The issue was not whether Joyce Meyer's Ministry had any knowledge that Coleman may have been plotting to kill his family, but whether they had a duty to report that knowledge. Meyer's attorney said the ministry did not know about Chris Coleman's plans. And even if they did, there's nothing in Illinois law that would have required them to take action.
Lawyers for Sheri Coleman's family said the ministry had knowledge of threats against the family and offered them security services. They said the ministry was negligent by offering those services and then doing nothing to protect the family.
However, attorneys for Joyce Meyer said those security services were declined.

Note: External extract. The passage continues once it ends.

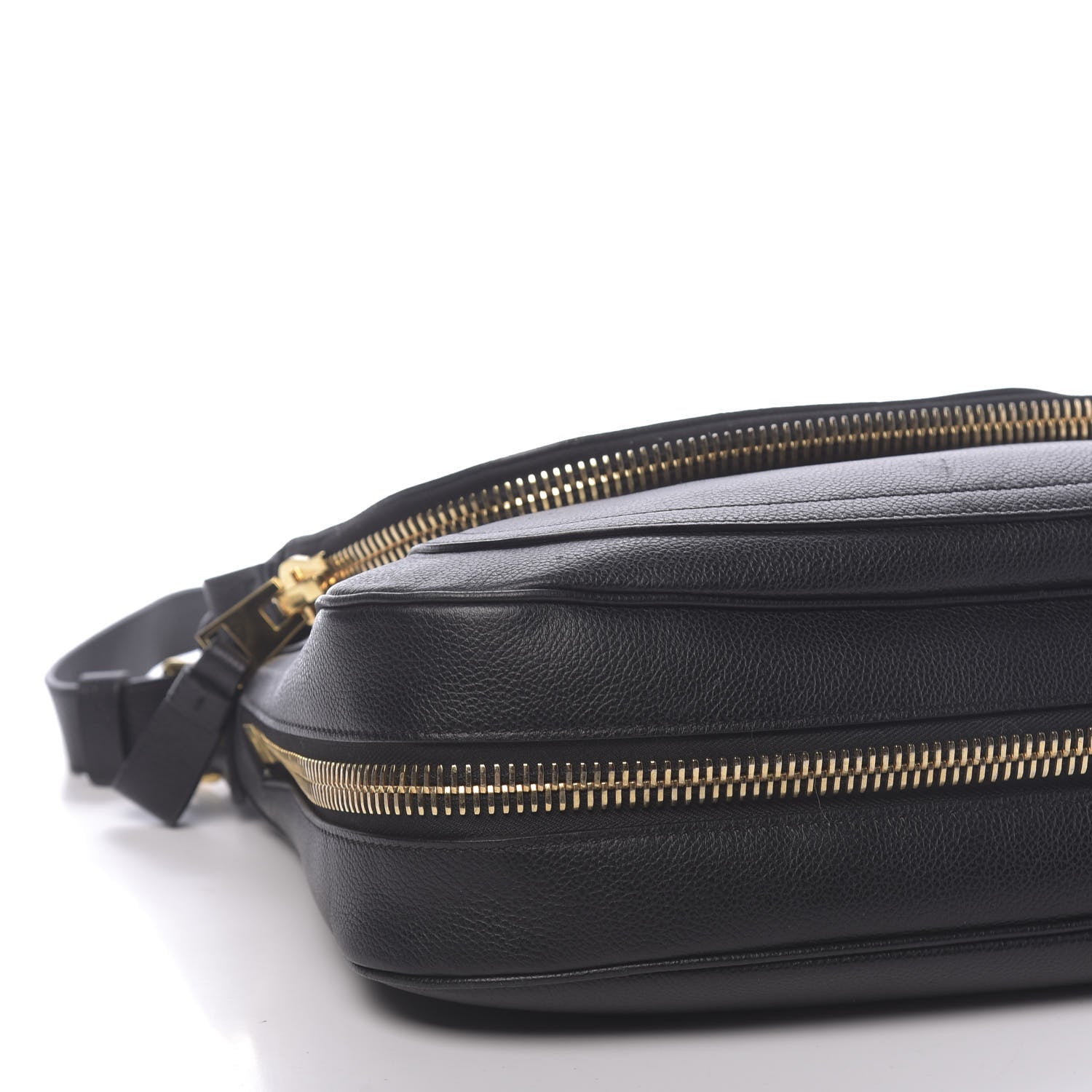 Tom Ford Pebbled Calfskin Large Jennifer Black 10 of 11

Legal consultant Don Wolff said, "Sometime plaintiffs, not intentionally, file what are called deficient complaints. They don't state enough facts in order to file a claim against somebody; although we feel there is a claim to be made. And that's what happened in this case."
And Wolff says it is relevant that these issues did not come up during the criminal trial.
"And if there was a case as it was alleged in these proceedings it could have also been a crime of failing to report to the police. And of course they were never charged with the crime of suppressing evidence or failing to report information to the police department," said Wolff.
Chris Coleman was sentenced to life in prison without parole for the murders days after his conviction.